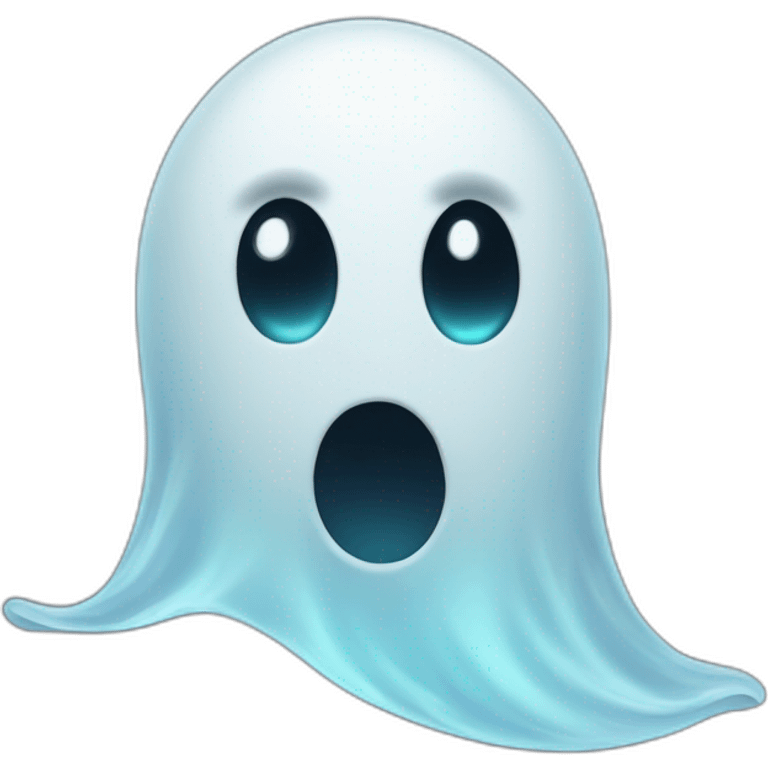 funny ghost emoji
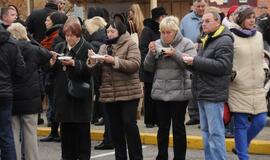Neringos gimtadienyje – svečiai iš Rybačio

--

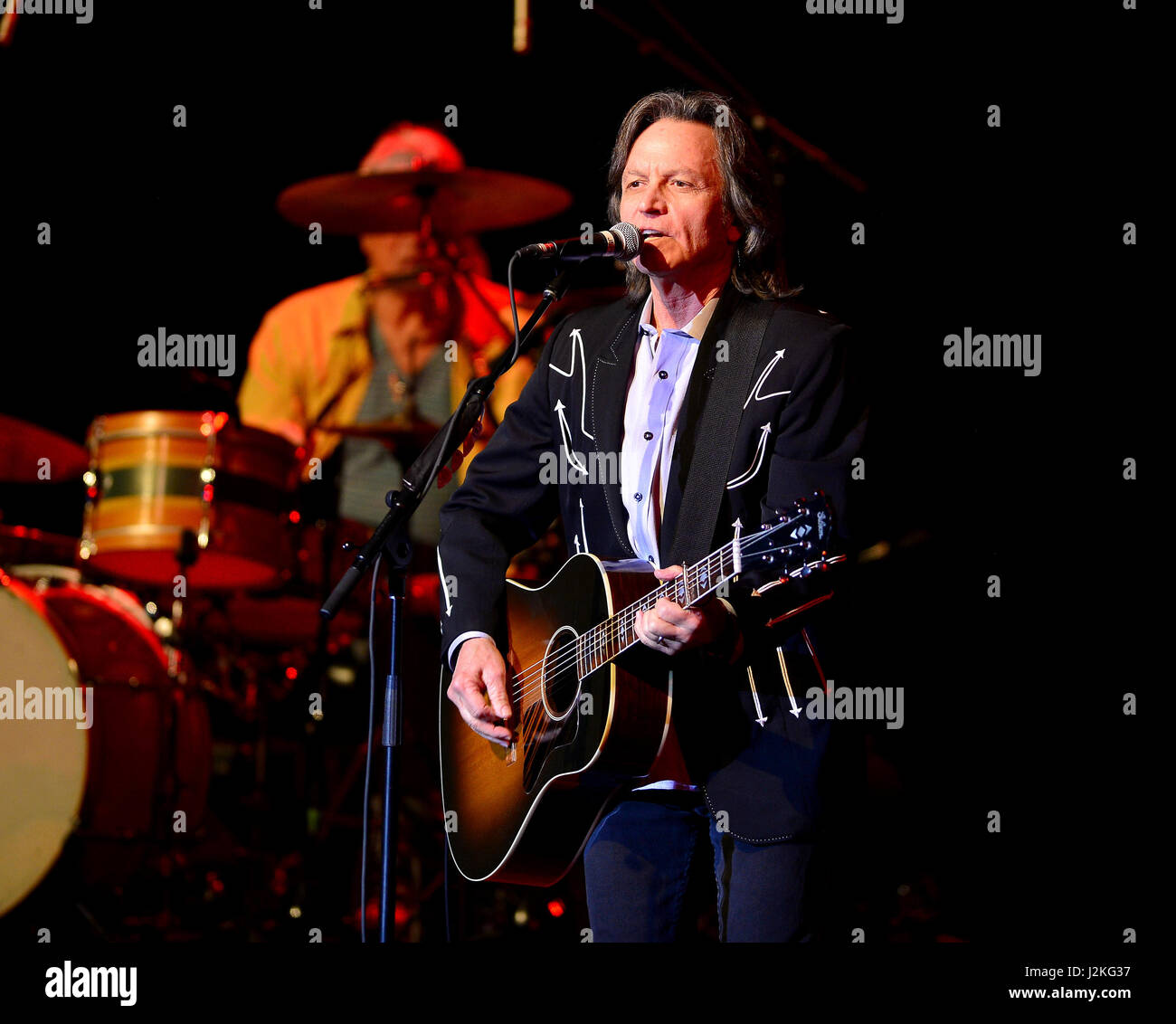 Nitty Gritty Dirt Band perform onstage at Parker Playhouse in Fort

### YOUR TASK
Within these entries, output exactly the lines starting at the one with "funny ghost emoji" and finishing at the one with "Neringos gimtadienyje – svečiai iš Rybačio". Leave pictures out of the output.

### ANSWER BOX
 funny ghost emoji
Neringos gimtadienyje – svečiai iš Rybačio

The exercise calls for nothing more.